How to Read the Report
Swing Direction refers to whether we are buying or selling.
Current Position refers to any position we still have that was carried over from the day before. Long means we have bought it. Short means we have sold it. Square means we have no position. Square is also called “flat.” Bold, italic means the position is new.
Stop is the recommended level to exit the current position. The full term is “stop-loss” or S/L. The number of points of the stop from the current close is shown in gray. If the stop box is empty, we have no position.
When the stop is the same as the close, it means we recommend exiting at the open either to take an extraordinary profit or to avoid further losses.
Profit target is the recommended exit from a current position. Some readers use the abbreviation P/T for this number. The number of points from the close is shown underneath in gray. If the box is empty, we have no position.

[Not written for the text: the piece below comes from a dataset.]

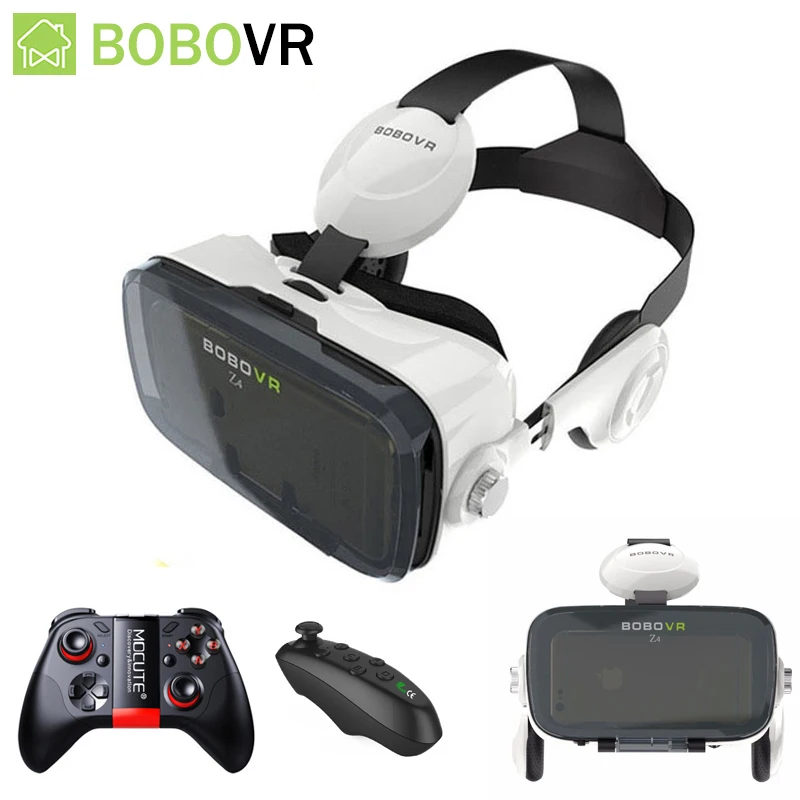 BoBo VR Z4 Очки виртуальной реальности 3D очки гарнитура шлем Cardboad коробка и bluetooth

Entry price is the price at which we entered the position and the date of entry is shown next to it. You can check the entry price by referring to the notes in the Commentary Box and by referring to the recommended entry the day before.
MTM means “mark-to-market.” If you do not know this term, learn it. It measures the profit or loss from entry to today’s close. If the MTM is a high number that makes you uncomfortable, you are free to exit at the next opportunity.
Note that when we have carried over a position from the day before, the stop and target will be new stops and targets and you need to cancel the stop and target that you entered the day before. If you don’t cancel the stop and target, you will get an accounting mess and have a squabble with your broker.
New entry is the recommended level at which to put on a new position. As noted above, this is usually the close. The stop and target are the associated exit levels to prevent a loss getting bigger or to take profit.
Text Box: This box contains notes on the report, including the URL for the contingency trades (“Footnote Rules”). The footnote rules add 30-40% to the bottom line and are successful more often than they cause losses by a ratio of 20 to 1.
The next section records what happened to our recommendations from the day before. This report is not proofread by a second party before it is published because time is short, only one hour between market close and report publication. We make mistakes. Subscribers are the proofreaders and we count on you to flag errors when we make them. We cheerfully correct all errors in the next day’s report and in the track record.
You can check the text box report against the track record which appears as page 2 of every report. We work quite hard to ensure that the track record is accurate. When we make mistakes, please send us an email as soon as possible and we will make corrections.
Any additional orders, including reversal orders, are given at the bottom. Do not overlook these! They represent nuanced ideas about what can happen that are not covered by the footnote rules.